The state tree fruit industry’s take on President Donald J. Trump’s plan to help growers negatively affected by retaliatory tariffs can be summed up in a single sentence:
“They want trade, rather than aid,” Gov. Jay Inslee said after meeting with several members of the Yakima Valley tree fruit industry during an hour-long roundtable Wednesday at Zirkle Fruit in Selah.
The roundtable was one of several stops the Democratic governor made during a visit to the Yakima Valley on Wednesday.
Meanwhile in Washington, D.C., Trump met with several members of Congress, including U.S. Rep. Dan Newhouse, R-Sunnyside, about the impact of trade issues on the agriculture industry. Just before the meeting, Trump announced an agreement with the European Union to work toward zero tariffs and zero non-tariff trade barriers.
The agreement was vague, but Trump said the EU had agreed to buy “a lot of soybeans” and increase its imports of liquefied natural gas from the U.S.
In a statement sent to media Wednesday, Newhouse said he brought up the impact of tariffs on Central Washington cherry growers as an example of an industry that was affected by rising tensions over trade.
In his statement, Newhouse said he was encouraged by the agreement with the European Union. Trump is working to level the playing field to address unfair trade practices, Newhouse said.
“Today’s announcement of re-examining plans for additional tariffs and putting existing tariffs on hold while trade talks continue with the (European Union) will go a long way to rebuilding confidence with our trading partners,” Newhouse said.
Inslee’s meeting with the tree fruit industry came a day after Trump announced a $12 billion plan that includes direct payments to growers, a federal government purchase and distribution program and assistance to help farmers develop new international export markets.
Tariffs from countries such as China, Mexico and India have already done considerable damage to the state’s key agricultural industries. Shipments to China, which now charges a 50 percent tariff on U.S. cherries, have come to a halt even though there are several more weeks left in the state’s cherry harvest. Damages to the state apple industry from prohibitive tariffs of apples to Mexico, China and India are estimated at $129 million if a resolution isn’t reached before harvest starts in a few weeks.

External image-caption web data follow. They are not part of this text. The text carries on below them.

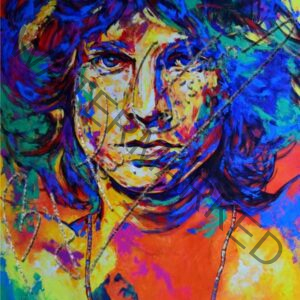 Jim Morrison on canvas
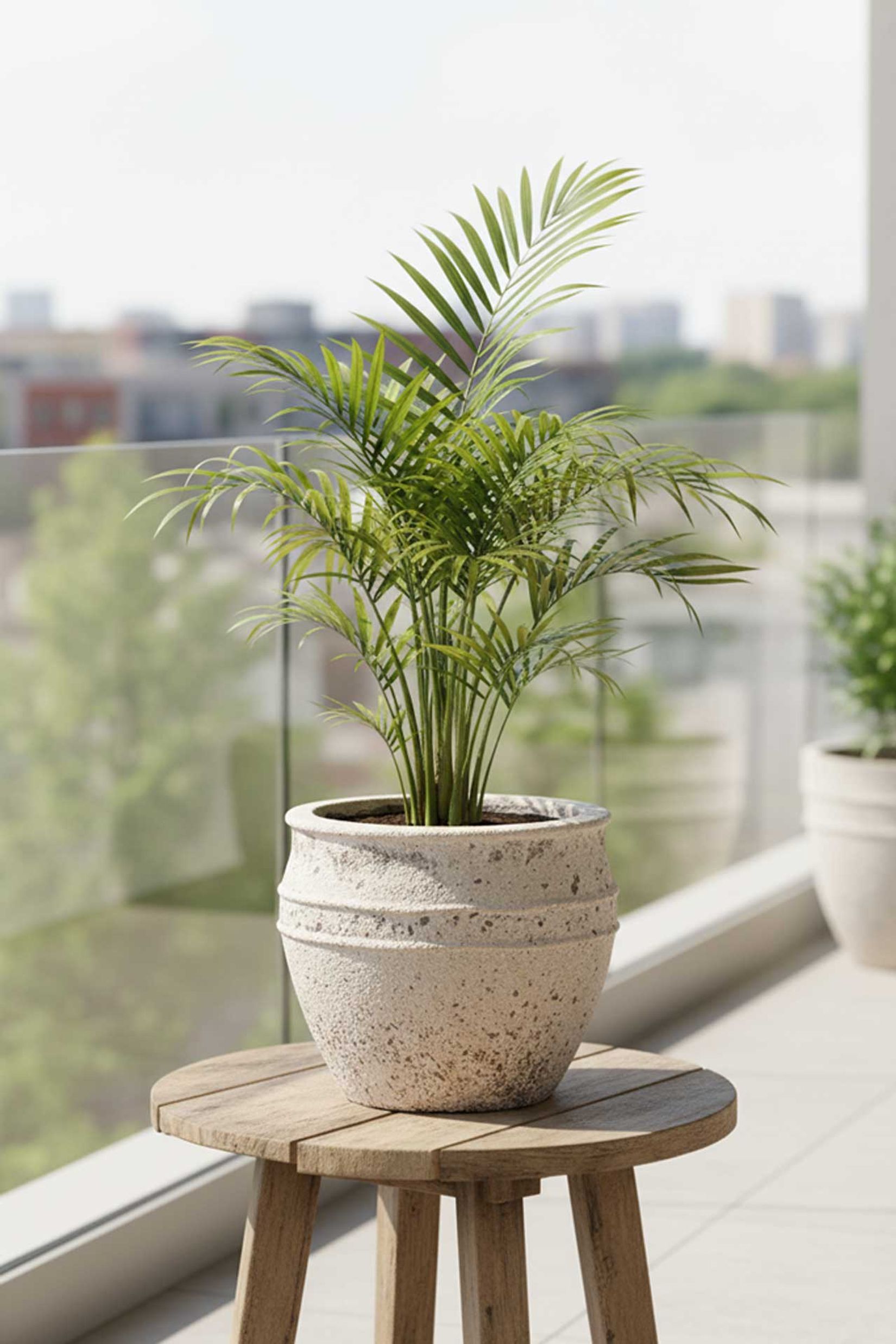 Blumentopf KALDERO Fiberzement 29x25 cm Creme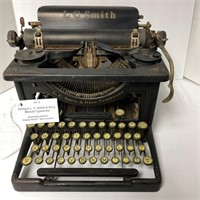Antique L. C. Smith Manual Typewriter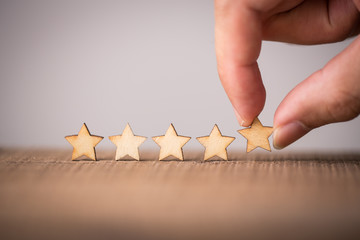 The best excellent business services rating customer experience concept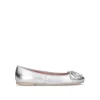 Bailarina Rosario En Napa Plateada^Pretty Ballerinas Shop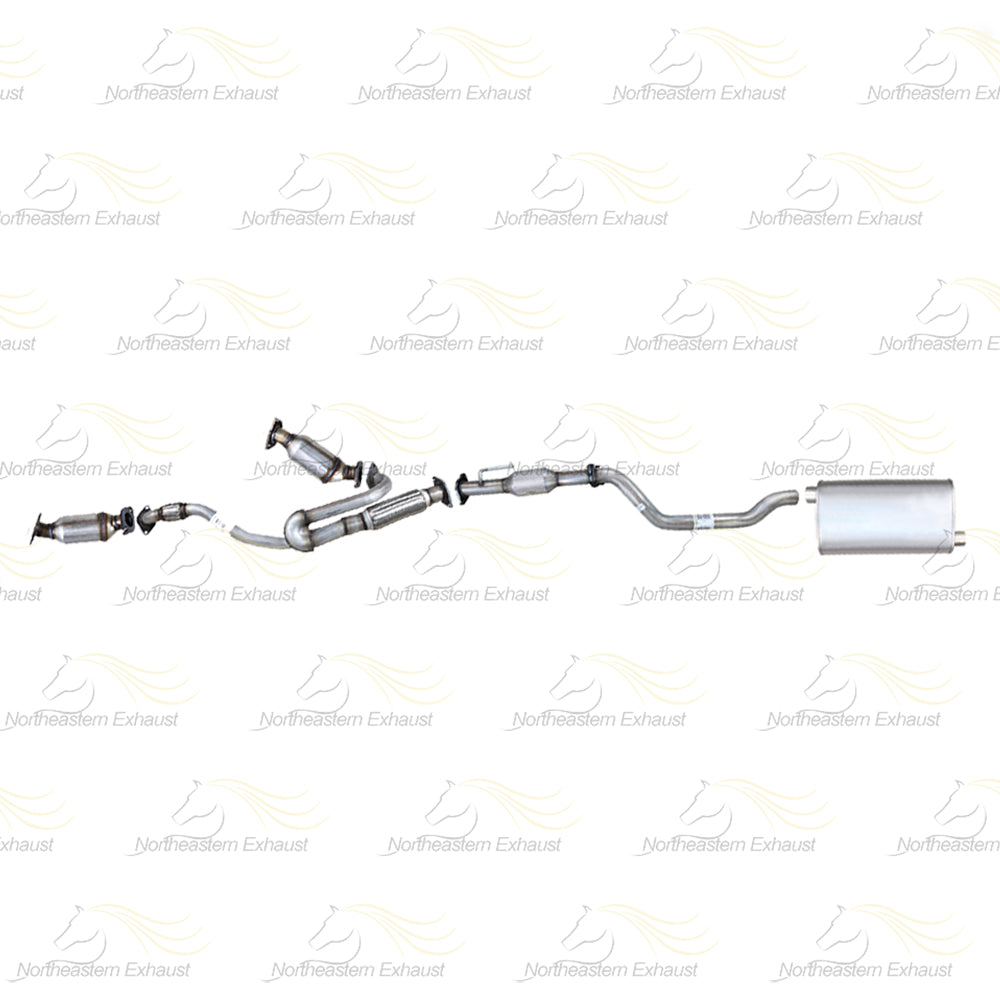 2009-2010 Saturn Outlook 3.6L Exhaust System Kit with Catalytic Converter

“This is not a hypothetical concern, this is real-life damage being done to Washington state,” Inslee said.
Inslee expressed skepticism on Trump’s relief plan. “We’re also concerned that those aid programs, from what we heard so far, are not well-targeted to help Washington,” he said.
Indeed, tree fruit is not included in the commodities that would qualify for a program that would provide cash payments to affected growers.
The industry qualifies for the other two components of the program. Through the food purchase and distribution program, the USDA’s Agricultural Marketing Service would purchase an unplanned surplus of agricultural commodities and distribute it to food banks and other federal nutrition programs.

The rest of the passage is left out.